I honestly don't think that anything they do on Capitol Hill will make anything better. Seriously. These are the same people that think Cap and Trade will fix "manmade global warming". But, if I could wave a wand and make something magical happen, I think that this would be what I would do: FOLLOW THE MONEY.

That would be the basis of all regulation. Just FOLLOW THE FREAKIN' MONEY. The government has statistics on how much money goes in and comes out of just about everything. If it looks like some one or some thing is making too much money, check it out. Immediately. Don't wait 4 years for an investigation to be approved. Just start looking. Nothing wrong with looking is there? Making a LOT of money is a sign of one of two things: no competition or illegal activity. If it illegal, shut it down. Quickly. If there is no competition, find out why. (Maybe we should put TMZ on the case...)

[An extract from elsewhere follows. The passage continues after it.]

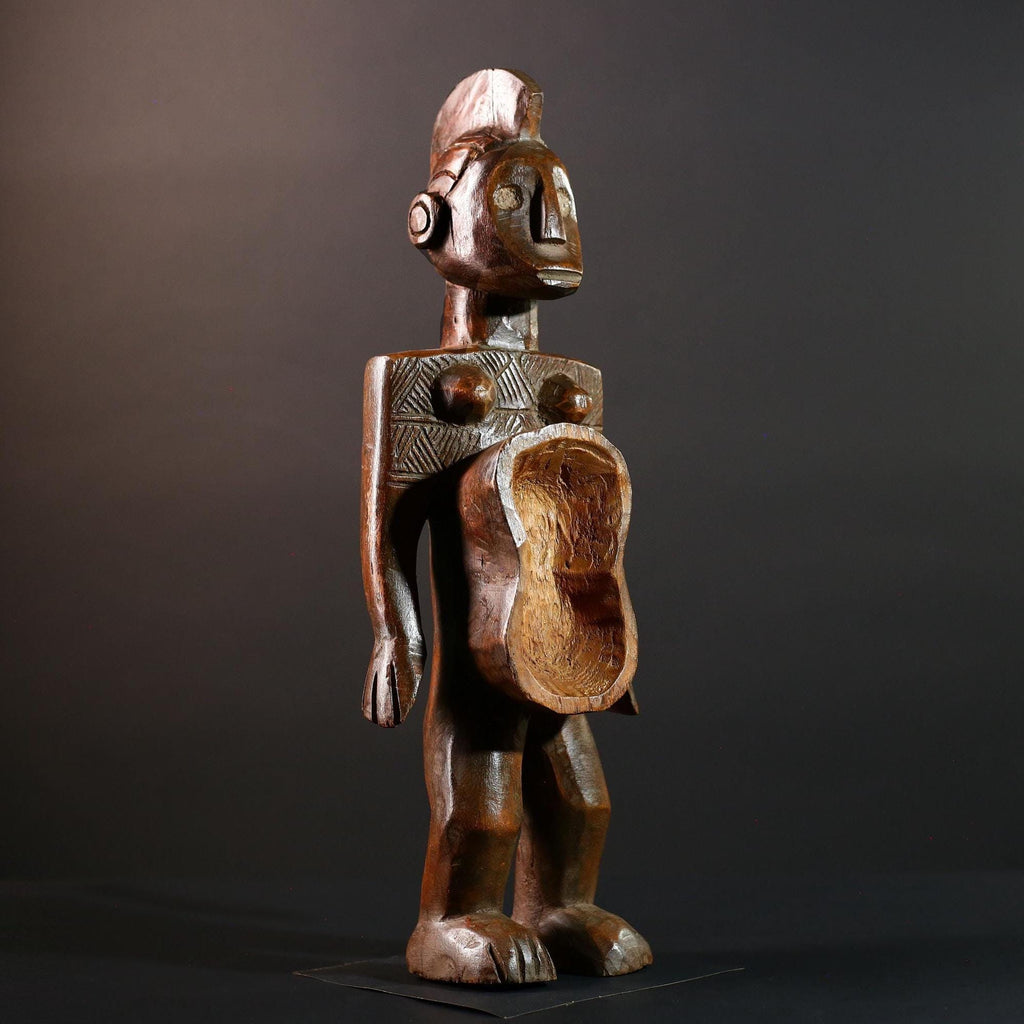 African Tribal Figure Hand Carved Wood Congo Female Sculpture Spirit Ritual Art Decor Collectible Wall Accent Traditional Object-G5595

Then there is the iPod Syndrome.

There are a ton of MP3 players on the market. 99% of them suck. In spite of being controlled like a Taliban wife by Apple, the iPod is still a superior product and as such can demand a higher price and people are more than willing to pay that higher price. Because there is competition in the MP3 market, the government watchdogs would give it a pass.

However, if a Morgan Stanley can make $3 Billion profit in one year and give away $750 Million in bonuses to managers and arbitraguers, then I would send in the sniffers and they had better find SOMETHING.

Also, I would allow the sniffers to sniff Congress and the Executive branch as well as business. What's good for the goose...

It is really just common sense. That is why I know that it will never come to be.